Alcuni spunti di discussione a partire dalle recenti aggressioni fasciste Radio Onda Rossa, Roma, luglio 2005

Chi non ha voglia di parlare di capitalismo non parli nemmeno di nazismo
Max Horkheimer

Nelle ultime settimane abbiamo vissuto un trauma collettivo: quello stesso sgomento che la notizia della morte di Dax provocò due anni fa si è ripresentato oggi con violenza, senza il dolore per la perdita di un compagno ma con pari inquietudine nel prendere atto del livello d’infamia espresso dai fascisti, in questa occasione organizzati ad aggredire armi alla mano.
Il tentativo di uccidere Bernardo, un compagno di Radio Onda Rossa, per mano di una banda che ha assalito l’ingresso del Centro Sociale Forte Prenestino nella notte del 3 giugno, ci pone domande che non possiamo eludere, dal momento che quel giorno si voleva il morto e per pura casualità non si è arrivati a tanto.
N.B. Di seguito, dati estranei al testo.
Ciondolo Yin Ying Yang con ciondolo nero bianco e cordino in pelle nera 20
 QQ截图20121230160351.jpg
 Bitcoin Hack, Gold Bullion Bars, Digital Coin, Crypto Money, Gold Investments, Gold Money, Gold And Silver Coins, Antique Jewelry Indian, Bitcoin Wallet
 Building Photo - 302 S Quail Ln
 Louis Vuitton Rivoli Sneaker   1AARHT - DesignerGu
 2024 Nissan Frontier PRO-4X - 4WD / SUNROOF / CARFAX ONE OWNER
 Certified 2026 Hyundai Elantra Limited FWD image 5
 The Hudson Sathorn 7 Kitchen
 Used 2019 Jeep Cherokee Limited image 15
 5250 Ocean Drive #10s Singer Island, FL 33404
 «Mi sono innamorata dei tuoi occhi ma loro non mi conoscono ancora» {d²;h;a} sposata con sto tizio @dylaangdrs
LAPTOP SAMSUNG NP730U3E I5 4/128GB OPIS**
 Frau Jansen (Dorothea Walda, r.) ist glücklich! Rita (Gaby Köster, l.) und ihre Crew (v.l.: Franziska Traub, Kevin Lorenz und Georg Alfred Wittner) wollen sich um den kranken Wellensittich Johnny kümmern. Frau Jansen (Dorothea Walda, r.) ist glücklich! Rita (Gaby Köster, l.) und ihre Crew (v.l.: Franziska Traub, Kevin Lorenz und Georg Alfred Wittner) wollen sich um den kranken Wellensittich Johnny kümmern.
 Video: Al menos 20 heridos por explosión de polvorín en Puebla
L’altrettanto vile e sanguinosa aggressione che pochi giorni dopo c’è stata fuori il Barocchio Squat di Torino ha fornito ulteriori elementi di preoccupazione in questo senso.

Non è facile capire la fase che stiamo attraversando. Scontiamo una mancanza di elaborazione, o peggio ci nutriamo di elaborazioni a nostro avviso fuorvianti, come quelle che tentano di sminuire quanto avviene o considerano l’antifascismo materia da specialisti di settore.

L’Antifascismo istituzionale, di partiti, sindacati, associazioni, ecc., non è quel che ci interessa e non è in quella direzione che rivolgiamo queste riflessioni. Nel suo nome i Padri della Patria hanno fatto danni incalcolabili dal nostro punto di vista e ancora oggi assistiamo a un pasticcio di ricorrenze condite con liturgie al cui interno vi è più sottocultura fascista di quanta non se ne voglia scansare (patria, stato, nazione, famiglia).
Né pensiamo che affrontare la questione fascista si possa ridurre esclusivamente a esercizi muscolari o ritualità dello scontro fisico, senza riflettere e agire in senso più ampio sulle cause che la generano. Il fascismo non si può ridurre semplicemente a un corpo sociale estraneo da isolare ed espellere. I contesti sociali in cui viviamo sempre più spesso esprimono fascismo. Contrastare queste dinamiche significa innanzitutto individuarne le origini e disarticolarne le componenti senza illudersi che solo chi si riconosce nei lugubri simboli nazi-fascisti e nelle organizzazioni che a essi fanno riferimento sia portatore di una cultura di morte, sopraffazione, stupro e razzismo. Se non si intraprende un'opera di attenta analisi e riflessione sulle cause e sui valori cui il fascismo attinge, si rischia di riconoscersi in un antifascismo come puro schieramento di facciata che riproduce alcuni degli atteggiamenti di cui il fascismo si compone.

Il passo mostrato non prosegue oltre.